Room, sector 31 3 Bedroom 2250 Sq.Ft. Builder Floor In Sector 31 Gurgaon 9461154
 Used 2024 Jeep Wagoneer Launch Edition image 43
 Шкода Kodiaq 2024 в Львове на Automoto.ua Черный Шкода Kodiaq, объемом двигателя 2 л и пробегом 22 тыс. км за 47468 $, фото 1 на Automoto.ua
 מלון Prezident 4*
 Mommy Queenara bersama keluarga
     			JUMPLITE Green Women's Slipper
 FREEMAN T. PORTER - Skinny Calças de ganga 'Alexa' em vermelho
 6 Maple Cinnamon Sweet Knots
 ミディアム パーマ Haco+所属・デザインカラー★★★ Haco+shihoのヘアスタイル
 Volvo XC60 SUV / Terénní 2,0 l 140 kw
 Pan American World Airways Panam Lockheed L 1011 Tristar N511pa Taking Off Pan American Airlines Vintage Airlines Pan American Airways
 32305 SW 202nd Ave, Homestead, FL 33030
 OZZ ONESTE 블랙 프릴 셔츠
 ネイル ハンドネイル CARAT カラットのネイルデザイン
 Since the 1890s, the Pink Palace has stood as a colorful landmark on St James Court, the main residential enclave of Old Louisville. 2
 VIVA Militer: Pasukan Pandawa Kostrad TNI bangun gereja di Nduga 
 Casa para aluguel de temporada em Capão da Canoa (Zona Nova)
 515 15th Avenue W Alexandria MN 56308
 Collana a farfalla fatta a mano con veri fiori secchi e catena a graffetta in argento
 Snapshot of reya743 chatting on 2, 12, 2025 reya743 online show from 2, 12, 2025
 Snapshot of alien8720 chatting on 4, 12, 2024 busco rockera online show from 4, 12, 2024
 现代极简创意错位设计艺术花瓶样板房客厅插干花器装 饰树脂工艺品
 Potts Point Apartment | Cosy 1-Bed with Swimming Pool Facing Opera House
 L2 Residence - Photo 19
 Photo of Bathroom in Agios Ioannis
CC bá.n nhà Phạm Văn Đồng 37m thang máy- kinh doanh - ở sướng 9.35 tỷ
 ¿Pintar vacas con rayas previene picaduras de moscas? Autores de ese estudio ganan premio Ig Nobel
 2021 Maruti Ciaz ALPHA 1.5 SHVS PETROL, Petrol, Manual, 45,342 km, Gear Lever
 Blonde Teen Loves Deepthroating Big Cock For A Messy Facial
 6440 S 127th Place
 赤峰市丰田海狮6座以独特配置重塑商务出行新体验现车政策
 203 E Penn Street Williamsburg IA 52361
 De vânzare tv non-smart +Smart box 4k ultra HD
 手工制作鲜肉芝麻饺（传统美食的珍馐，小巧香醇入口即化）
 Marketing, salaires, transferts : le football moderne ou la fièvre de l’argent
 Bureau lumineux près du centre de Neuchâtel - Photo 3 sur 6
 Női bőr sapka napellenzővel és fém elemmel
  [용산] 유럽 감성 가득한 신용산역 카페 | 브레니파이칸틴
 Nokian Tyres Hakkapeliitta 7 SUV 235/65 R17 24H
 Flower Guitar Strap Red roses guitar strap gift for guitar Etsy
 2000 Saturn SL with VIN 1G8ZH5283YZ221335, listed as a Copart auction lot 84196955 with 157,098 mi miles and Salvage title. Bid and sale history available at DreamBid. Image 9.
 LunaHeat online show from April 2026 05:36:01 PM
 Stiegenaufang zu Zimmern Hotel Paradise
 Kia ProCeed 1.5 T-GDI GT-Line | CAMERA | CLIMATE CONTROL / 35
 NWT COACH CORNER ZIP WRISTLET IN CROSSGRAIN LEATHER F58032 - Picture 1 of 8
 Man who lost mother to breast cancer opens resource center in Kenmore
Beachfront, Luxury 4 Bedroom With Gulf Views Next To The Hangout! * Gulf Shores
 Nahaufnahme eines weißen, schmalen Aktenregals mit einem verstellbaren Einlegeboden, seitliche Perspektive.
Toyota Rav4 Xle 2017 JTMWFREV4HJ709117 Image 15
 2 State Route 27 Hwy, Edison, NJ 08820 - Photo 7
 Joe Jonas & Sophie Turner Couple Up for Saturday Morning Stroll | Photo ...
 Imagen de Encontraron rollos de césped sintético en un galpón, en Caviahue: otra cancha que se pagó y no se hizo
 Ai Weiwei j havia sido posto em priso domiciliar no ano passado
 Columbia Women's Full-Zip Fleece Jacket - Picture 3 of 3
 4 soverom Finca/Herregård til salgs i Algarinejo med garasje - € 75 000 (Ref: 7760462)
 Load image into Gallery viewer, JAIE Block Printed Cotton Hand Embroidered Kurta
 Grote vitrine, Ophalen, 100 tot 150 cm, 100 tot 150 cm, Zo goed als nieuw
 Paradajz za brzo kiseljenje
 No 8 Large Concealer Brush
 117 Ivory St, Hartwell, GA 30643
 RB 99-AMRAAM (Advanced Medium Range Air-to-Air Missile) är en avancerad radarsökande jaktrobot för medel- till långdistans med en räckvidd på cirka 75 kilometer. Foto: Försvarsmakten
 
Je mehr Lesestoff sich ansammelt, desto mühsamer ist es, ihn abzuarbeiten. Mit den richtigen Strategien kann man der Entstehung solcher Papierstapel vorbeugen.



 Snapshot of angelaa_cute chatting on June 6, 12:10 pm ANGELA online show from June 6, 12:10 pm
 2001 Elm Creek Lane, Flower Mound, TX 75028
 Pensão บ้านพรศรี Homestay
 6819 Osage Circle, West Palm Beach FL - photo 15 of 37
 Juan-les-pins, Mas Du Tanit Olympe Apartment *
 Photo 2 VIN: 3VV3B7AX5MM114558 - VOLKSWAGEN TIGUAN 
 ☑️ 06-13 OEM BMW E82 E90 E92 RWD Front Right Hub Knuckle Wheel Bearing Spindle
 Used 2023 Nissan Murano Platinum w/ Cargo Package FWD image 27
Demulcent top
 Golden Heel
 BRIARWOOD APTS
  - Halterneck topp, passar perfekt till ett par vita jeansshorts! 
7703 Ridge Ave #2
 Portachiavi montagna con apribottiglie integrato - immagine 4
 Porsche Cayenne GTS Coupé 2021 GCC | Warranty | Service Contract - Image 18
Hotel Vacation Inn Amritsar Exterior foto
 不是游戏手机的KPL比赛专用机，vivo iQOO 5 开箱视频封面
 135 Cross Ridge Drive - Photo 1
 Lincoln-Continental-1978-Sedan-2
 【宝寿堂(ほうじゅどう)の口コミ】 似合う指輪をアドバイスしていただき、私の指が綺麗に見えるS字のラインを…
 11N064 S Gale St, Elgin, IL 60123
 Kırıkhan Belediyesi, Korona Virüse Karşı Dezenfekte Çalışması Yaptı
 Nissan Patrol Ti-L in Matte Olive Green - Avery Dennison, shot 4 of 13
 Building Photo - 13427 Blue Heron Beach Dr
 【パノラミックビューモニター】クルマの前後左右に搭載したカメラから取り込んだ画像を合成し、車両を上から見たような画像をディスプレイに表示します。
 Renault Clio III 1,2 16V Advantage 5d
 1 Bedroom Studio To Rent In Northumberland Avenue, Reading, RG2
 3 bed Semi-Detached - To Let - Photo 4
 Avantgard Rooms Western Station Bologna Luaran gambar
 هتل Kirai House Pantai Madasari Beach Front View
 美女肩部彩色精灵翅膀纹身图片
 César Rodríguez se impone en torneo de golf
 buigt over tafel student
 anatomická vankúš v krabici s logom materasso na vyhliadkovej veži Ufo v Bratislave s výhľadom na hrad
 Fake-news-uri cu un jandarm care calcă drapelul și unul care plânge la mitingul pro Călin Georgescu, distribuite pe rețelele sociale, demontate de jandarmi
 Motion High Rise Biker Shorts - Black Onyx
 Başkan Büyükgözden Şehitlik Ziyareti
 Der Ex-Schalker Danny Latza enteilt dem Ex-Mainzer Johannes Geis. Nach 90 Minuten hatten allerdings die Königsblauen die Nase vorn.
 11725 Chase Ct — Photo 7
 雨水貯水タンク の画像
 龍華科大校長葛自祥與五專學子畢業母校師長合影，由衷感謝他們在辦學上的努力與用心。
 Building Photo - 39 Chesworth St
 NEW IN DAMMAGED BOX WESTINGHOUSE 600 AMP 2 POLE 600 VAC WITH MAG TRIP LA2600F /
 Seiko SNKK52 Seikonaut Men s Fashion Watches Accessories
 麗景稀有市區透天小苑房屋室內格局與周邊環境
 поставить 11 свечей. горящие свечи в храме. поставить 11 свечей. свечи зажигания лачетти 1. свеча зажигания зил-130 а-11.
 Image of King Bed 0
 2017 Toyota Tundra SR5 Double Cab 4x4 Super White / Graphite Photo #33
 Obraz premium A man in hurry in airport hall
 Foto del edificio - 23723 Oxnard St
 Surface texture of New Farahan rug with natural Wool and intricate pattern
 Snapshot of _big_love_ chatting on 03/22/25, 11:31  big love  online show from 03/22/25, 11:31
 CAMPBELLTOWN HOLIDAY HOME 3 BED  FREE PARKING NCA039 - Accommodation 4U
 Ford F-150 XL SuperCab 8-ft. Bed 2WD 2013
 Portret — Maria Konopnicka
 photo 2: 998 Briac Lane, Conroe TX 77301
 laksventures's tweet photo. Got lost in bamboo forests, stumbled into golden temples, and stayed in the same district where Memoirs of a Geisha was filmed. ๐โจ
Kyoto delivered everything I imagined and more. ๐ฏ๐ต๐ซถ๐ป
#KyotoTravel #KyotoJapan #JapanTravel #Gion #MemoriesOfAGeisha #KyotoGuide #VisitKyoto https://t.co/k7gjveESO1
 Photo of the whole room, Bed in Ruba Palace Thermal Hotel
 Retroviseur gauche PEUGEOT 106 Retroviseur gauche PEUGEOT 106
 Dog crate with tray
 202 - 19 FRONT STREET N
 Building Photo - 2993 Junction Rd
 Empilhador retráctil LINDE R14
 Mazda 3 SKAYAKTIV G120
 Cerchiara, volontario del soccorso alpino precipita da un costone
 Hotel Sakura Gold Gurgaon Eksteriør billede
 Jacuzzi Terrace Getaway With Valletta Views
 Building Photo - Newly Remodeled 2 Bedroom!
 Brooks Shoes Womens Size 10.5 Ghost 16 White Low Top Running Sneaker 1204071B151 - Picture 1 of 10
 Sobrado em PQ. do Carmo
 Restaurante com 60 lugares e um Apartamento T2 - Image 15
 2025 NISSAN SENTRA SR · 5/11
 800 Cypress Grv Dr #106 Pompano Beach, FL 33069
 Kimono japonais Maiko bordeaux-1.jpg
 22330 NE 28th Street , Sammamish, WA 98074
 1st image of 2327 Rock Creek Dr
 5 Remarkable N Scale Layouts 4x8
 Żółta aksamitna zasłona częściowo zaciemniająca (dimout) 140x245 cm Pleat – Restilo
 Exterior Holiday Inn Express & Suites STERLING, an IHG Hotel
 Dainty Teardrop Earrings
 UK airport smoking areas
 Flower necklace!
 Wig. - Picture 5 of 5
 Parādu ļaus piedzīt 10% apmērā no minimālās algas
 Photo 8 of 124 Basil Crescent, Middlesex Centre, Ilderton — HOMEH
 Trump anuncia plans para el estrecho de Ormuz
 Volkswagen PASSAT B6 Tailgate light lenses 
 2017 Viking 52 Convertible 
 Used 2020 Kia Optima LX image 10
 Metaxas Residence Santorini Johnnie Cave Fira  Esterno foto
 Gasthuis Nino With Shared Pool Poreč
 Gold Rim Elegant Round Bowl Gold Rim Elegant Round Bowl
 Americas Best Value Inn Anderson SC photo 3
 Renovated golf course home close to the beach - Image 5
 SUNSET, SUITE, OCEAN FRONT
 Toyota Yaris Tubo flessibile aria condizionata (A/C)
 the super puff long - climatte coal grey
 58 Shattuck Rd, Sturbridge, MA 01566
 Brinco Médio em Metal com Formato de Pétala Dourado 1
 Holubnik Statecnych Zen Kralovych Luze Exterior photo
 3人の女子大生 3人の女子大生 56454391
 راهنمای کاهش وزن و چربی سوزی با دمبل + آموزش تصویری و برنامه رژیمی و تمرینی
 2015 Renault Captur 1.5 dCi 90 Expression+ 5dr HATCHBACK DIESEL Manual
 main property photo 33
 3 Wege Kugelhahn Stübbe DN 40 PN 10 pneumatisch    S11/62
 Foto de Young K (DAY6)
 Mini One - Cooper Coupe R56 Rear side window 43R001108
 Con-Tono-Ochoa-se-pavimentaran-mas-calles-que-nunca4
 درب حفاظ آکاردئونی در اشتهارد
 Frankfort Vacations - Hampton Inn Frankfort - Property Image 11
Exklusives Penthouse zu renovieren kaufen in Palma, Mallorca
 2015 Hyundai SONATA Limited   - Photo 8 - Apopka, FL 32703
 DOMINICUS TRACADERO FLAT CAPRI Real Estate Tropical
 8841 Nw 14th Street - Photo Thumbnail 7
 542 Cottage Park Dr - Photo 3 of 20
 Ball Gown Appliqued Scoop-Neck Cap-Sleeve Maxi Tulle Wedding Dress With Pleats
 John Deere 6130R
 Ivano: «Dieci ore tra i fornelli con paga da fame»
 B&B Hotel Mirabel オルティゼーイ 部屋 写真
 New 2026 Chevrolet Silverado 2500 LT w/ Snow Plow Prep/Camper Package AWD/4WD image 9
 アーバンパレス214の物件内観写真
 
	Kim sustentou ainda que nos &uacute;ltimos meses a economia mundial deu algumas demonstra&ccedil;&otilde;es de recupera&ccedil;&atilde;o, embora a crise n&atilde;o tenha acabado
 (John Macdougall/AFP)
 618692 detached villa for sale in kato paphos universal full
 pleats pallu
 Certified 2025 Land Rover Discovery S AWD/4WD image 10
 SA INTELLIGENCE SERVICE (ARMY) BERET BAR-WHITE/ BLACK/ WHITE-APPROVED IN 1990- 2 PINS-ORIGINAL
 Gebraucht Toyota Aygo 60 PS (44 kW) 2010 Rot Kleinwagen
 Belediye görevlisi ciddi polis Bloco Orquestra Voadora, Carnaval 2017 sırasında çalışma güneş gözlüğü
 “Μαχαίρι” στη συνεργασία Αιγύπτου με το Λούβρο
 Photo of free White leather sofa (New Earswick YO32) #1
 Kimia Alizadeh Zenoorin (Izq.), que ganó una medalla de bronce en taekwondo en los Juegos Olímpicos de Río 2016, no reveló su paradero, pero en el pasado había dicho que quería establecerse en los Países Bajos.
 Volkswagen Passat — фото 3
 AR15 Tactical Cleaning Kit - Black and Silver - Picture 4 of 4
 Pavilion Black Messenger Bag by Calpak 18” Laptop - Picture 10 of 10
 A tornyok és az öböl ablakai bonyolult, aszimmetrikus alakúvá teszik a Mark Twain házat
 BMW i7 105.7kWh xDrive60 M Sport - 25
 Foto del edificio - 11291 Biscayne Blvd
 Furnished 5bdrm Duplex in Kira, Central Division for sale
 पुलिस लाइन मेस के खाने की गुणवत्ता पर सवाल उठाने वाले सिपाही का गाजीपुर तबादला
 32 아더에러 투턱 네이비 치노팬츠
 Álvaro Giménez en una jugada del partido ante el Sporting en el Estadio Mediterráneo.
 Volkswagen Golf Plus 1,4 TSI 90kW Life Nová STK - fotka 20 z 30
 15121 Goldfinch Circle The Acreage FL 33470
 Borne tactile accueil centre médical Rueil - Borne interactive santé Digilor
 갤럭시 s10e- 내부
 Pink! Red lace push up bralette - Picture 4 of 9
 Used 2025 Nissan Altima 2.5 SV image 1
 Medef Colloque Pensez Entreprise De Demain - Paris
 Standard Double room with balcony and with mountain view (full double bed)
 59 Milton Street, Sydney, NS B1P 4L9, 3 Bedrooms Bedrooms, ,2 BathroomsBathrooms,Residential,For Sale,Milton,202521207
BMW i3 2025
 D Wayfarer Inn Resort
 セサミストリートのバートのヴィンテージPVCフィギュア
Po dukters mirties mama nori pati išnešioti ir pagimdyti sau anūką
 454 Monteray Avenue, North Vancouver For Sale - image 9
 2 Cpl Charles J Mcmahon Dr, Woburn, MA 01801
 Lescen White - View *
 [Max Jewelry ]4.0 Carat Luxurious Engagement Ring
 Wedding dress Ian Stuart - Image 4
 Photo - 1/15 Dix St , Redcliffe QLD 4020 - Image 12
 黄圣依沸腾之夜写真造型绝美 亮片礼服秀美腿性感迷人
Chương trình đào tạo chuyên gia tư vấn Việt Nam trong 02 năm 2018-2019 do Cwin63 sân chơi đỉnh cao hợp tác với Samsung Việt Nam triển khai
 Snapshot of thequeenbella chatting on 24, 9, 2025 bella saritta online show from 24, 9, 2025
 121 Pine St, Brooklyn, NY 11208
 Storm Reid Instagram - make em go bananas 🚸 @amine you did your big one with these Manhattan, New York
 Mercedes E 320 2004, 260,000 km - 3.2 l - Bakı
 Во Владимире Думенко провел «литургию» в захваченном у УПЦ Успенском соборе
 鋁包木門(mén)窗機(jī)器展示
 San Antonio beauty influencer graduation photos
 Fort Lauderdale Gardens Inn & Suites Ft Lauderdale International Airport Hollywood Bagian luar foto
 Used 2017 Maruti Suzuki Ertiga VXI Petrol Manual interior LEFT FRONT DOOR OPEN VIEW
• • • • • • •
Output exactly one stretch of the listing: from the line containing "Snapshot of _big_love_" through the line containing "Cerchiara, volontario del", both end lines included.

 Snapshot of _big_love_ chatting on 03/22/25, 11:31  big love  online show from 03/22/25, 11:31
 CAMPBELLTOWN HOLIDAY HOME 3 BED  FREE PARKING NCA039 - Accommodation 4U
 Ford F-150 XL SuperCab 8-ft. Bed 2WD 2013
 Portret — Maria Konopnicka
 photo 2: 998 Briac Lane, Conroe TX 77301
 laksventures's tweet photo. Got lost in bamboo forests, stumbled into golden temples, and stayed in the same district where Memoirs of a Geisha was filmed. ๐โจ
Kyoto delivered everything I imagined and more. ๐ฏ๐ต๐ซถ๐ป
#KyotoTravel #KyotoJapan #JapanTravel #Gion #MemoriesOfAGeisha #KyotoGuide #VisitKyoto https://t.co/k7gjveESO1
 Photo of the whole room, Bed in Ruba Palace Thermal Hotel
 Retroviseur gauche PEUGEOT 106 Retroviseur gauche PEUGEOT 106
 Dog crate with tray
 202 - 19 FRONT STREET N
 Building Photo - 2993 Junction Rd
 Empilhador retráctil LINDE R14
 Mazda 3 SKAYAKTIV G120
 Cerchiara, volontario del soccorso alpino precipita da un costone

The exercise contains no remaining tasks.